Yamini Kalluri & the Carnatic Ensemble

Kuchipudi dance New York, New York
Photo Credit: Andres Sebastien
Photo Credit: Andres Sebastien

As cultural traditions take root in diaspora communities, new connections between generations and cultures are both necessary and revitalizing. In New York City in 2019, acclaimed young dancer Yamini Kalluri, a master of the Kuchipudi dance of her Telugu forbearers, began a collaboration with the Carnatic Ensemble, an intergenerational trio of outstanding musicians of Tamil heritage. Their performance at the National Folk Festival braids together these two strands of South Indian tradition into a spellbinding presentation of their shared heritage.

Kuchipudi dance is named for the village where it originated in the state of Andhra Pradesh.
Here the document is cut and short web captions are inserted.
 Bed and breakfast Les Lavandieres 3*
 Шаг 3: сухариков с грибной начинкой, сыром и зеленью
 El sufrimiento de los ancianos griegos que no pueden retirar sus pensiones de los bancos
One of India’s nine classical dance forms, Kuchipudi emerged out of the ancient tradition of Hindu dance-dramas called yakshagaana. For three centuries an ensemble form featuring male dancers, modern Kuchipudi crystalized nearly a century ago with the introduction of a solo dance tradition and the training of female dancers. Among Kuchipudi’s signature elements is its emphasis on dexterity and vigor, exemplified by a final act danced upon the rim of a brass plate.

At just 21, Yamini Kalluri has already established herself as a brilliant Kuchipudi performer, choreographer, and teacher. Born in the United States, Kalluri grew up in Hyderabad, India, where she began studying Kuchipudi dance at age seven. The form, known for its heightened used of abhinaya (expression), was a perfect outlet for Yamini. She was only 12 when her guru, the famed Padmasri Dr. Sobha Naidu, honored her talent by elevating her to the role of teacher. Yamini Kalluri has performed across India, England, and North America, and now lives and teaches in New York City.
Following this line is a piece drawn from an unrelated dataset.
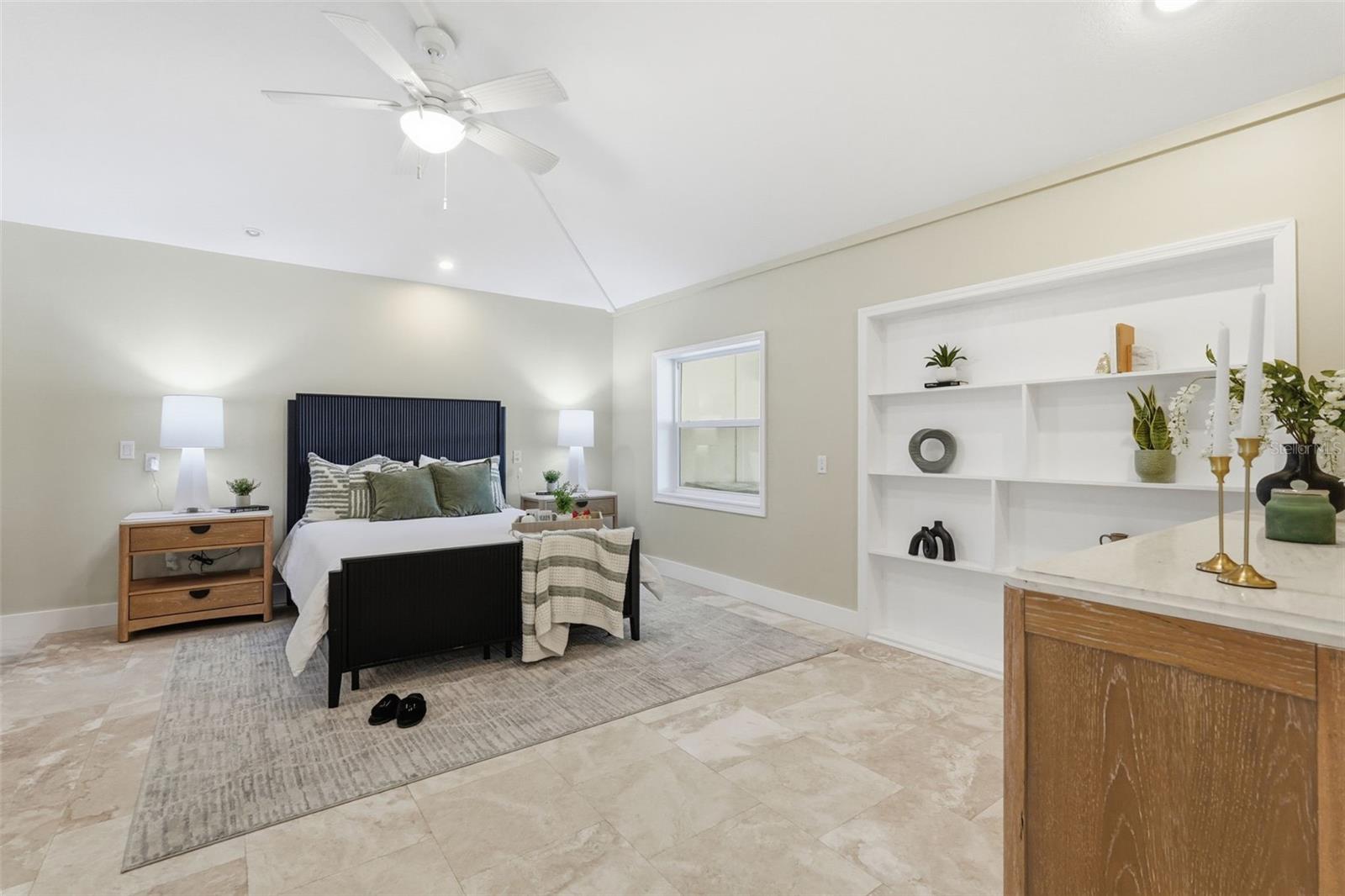 Image 21 of 47 For 15302 Harbor Drive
As a dance form devoted to graceful and theatrical storytelling, Kuchipudi depends upon the skillful interplay between dancer and singer. Vocalist Shaaranya Pillai deftly renders these traditional epic dramas with a nuance and emotional clarity immediately accessible to modern audiences. Pillai, a New York native in her 20s, was first introduced to Carnatic music by her mother Smt. Kiruba Pillai, who began instructing her through song when Shaaranya was still in the womb. She studies now with guru Smt. Kiranavali Vidyasankar.

Carnatic percussion and melody instruments are the other essential complements to Kuchipudi dance. The mridangam, played by Bala Skandan, is the defining instrument of Carnatic music. This double-headed, barrel-shaped drum undergirds the music’s complex rhythmic structure. Skandan started his music training at age 6. Noted for his “superb musical accompaniment” by the New York Times, Skandan has accompanied established international musicians and dancers, and is the lead musician and composer for Akshara, an Indian percussion ensemble based in New York. Completing the Carnatic Ensemble is the skillful playing of young California-born violin master Parthiv Mohan. Carnatic musicians play the instrument in a unique seated position, producing a melodic expressiveness that carries the abhinaya of the dancer and singer from stage to audience.